Les limites à connaître

Six études seulement ont pu être incluses, et leur qualité méthodologique est limitée. Les auteurs signalent que tous les essais randomisés présentent des réserves méthodologiques et que l’unique étude non randomisée est à risque critique de biais. La certitude GRADE est faible.

Comme pour tout résultat négatif fondé sur un petit nombre d’études, l’absence de différence significative ne prouve pas l’absence d’effet. Un bénéfice modéré pourrait échapper à une analyse de cette taille. Enfin, l’hétérogénéité de 52 % et la diversité des dispositifs regroupés sous le terme de laser compliquent l’interprétation.

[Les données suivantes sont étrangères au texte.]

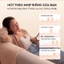Máy hút sữa không dây Eufy E20 sưởi ấm 3 mức tăng 30% sữa, app tinh chỉnh 7 lực hút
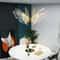 Modern Butterfly Acrylic LED Chandelier Minimalist Hanging Light For Living Room Bedroom Kitchen 0
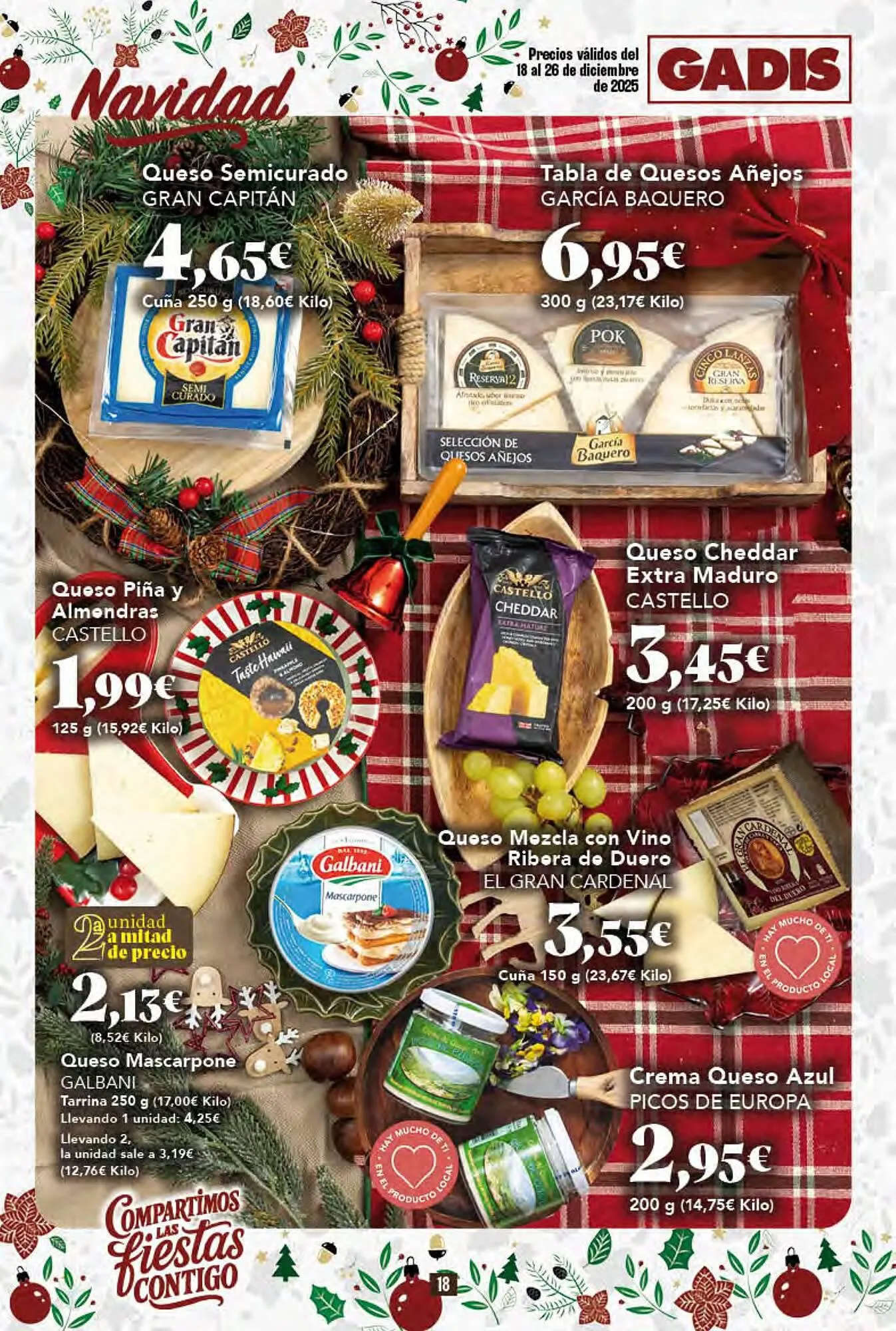 Catálogo de Folleto Gadis 18 de diciembre al 24 de diciembre 2025 - Página 18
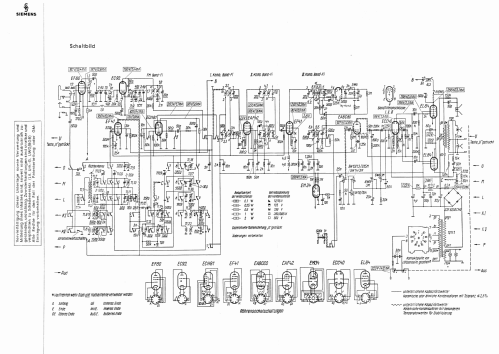 Spitzensuper 54 1236W; Siemens & Halske, - (ID = 25540) Radio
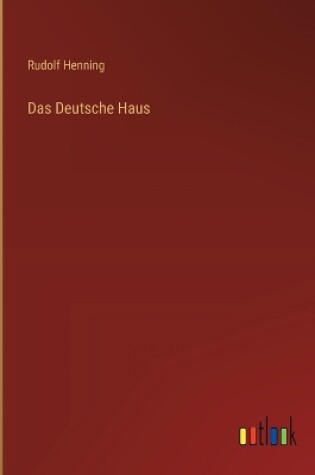 Cover of Das Deutsche Haus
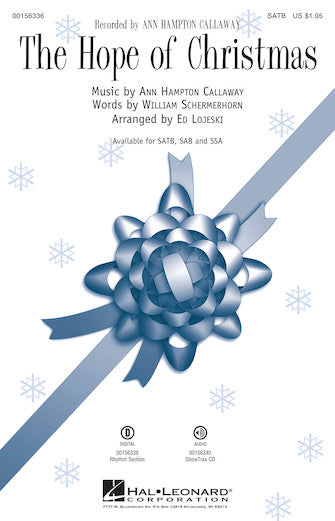 Product Cover for The Hope of Christmas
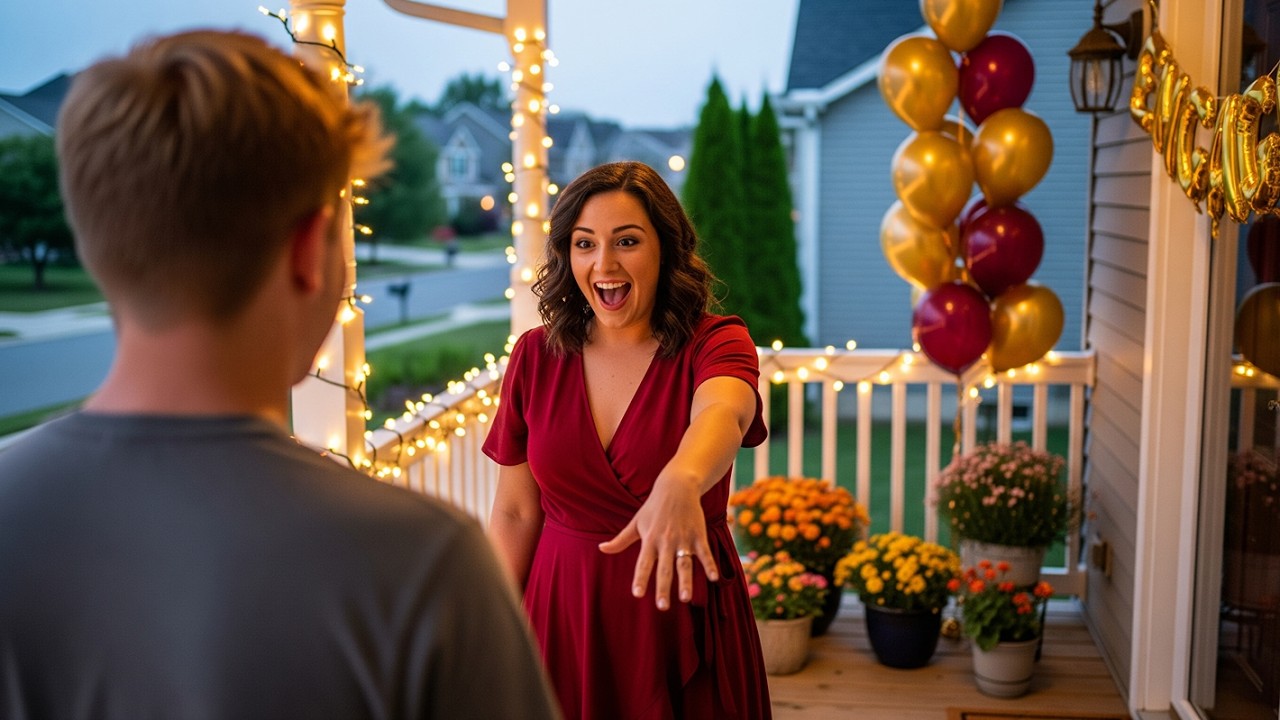 I Proposed To My CEO As A Joke — Next Day I Was Her Husband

Ce que cela change en pratique

En l’état des données, rien ne justifie de proposer un laser adjuvant dans le seul but d’accélérer la cicatrisation d’une lésion périapicale. Le traitement endodontique bien conduit reste le déterminant principal du résultat.

Ce constat ne dit rien des autres indications de la photobiomodulation en odontologie, où des données plus favorables existent, notamment sur la douleur. Il illustre surtout que le bénéfice n’est pas transposable d’une indication à l’autre. La décision revient au chirurgien-dentiste.

Questions fréquentes

Le laser améliore-t-il le résultat d’une dévitalisation ?

Pas sur la cicatrisation radiographique des lésions périapicales dans cette méta-analyse. La différence moyenne est de 0,17 sur le Periapical Index, avec p = 0,28, soit un résultat non significatif.

Ce résultat négatif est-il fiable ?

Il repose sur 6 études de qualité méthodologique limitée et une certitude GRADE faible. Il doit donc être lu comme une absence de preuve de bénéfice, et non comme une preuve d’absence de bénéfice.

La photobiomodulation est-elle inutile en dentisterie ?

Non, ce travail porte sur une indication précise. D’autres synthèses rapportent des résultats favorables sur la douleur postopératoire ou la mucite orale, ce qui ne préjuge pas de la cicatrisation osseuse périapicale.

Référence

Creazzo G, Salmon B, Almeida J, Faria-E-Silva AL, Lopes-Olhê FC, Souza-Gabriel AE, Sousa-Neto MD, Candemil AP. Does the use of laser therapy enhance healing and reduce the size of periapical lesions? A systematic review and meta-analysis. Photodiagnosis and Photodynamic Therapy, 2026. PMID 42001923. Lien PubMed

Cette synthèse est fournie à titre informatif et ne constitue pas un avis médical. La photobiomodulation ne remplace pas un traitement prescrit. Parlez-en à un professionnel de santé.